_EXERCISE_
The whole listing is to be written out again exactly; the pictures are not.

_INFORMATION SHOWN_

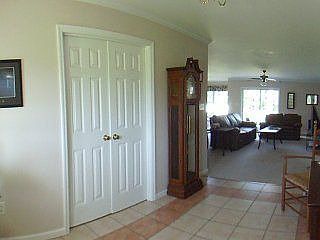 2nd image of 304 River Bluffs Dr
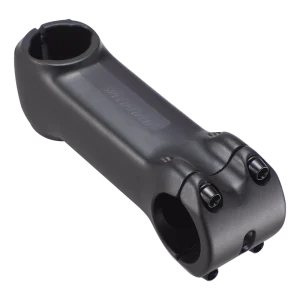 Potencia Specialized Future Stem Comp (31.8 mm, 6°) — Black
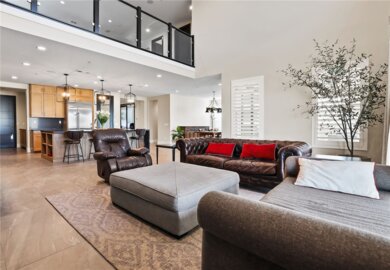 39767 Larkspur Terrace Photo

_RESULT OF THIS TASK_
 2nd image of 304 River Bluffs Dr
 Potencia Specialized Future Stem Comp (31.8 mm, 6°) — Black
 39767 Larkspur Terrace Photo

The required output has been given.